Per-partition metrics. Track requests/sec, CPU, and queue depth per shard, and alert on the max, not the average. The gap between p50 and max node utilization is your skew signal.
Top-K key sampling. Sample request keys and maintain a heavy-hitters list (a Count-Min sketch is perfect here). If one key is 30% of traffic, you’ve found your celebrity.
Tail latency on one shard. A single hot partition shows up as a spike in p99 latency for requests that happen to route to it.

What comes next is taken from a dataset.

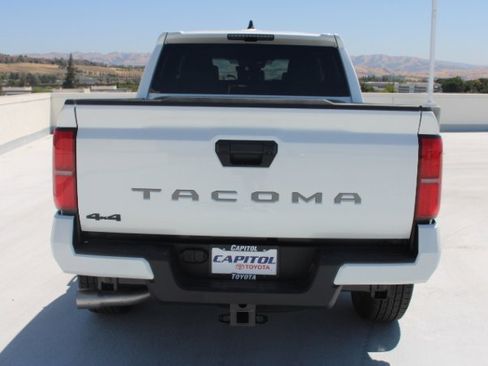 New 2025 Toyota Tacoma TRD Sport image 5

Mitigations: spread the heat

There is no single fix; you assemble a toolkit and apply the cheapest one that works.

1. Cache the hot key

The easiest win. Hot keys are, by definition, read by everyone — so they’re perfectly cacheable. A small in-memory cache in front of the celebrity’s row can absorb 99% of reads before they ever touch the partition. The hotter the key, the higher the cache hit rate. (Mind the failure mode this creates: see Cache Stampede for what happens when that hot entry expires.)

2. Replicate the hot key

If one replica can’t serve the reads, make more of them. Promote the hot key to N read replicas and load-balance across them. Reads scale with replica count; the trade-off is that you’ve now de-uniformed your storage — this one key costs N× the space and N× the replication traffic.

3. Split the key

When writes are hot (not just reads), caching and replicas don’t help — you can’t cache a write. Instead, shard the key itself. A celebrity’s follower count becoming a write bottleneck? Split the counter into celebrity_id:0 … celebrity_id:9, write to a random shard, and sum on read.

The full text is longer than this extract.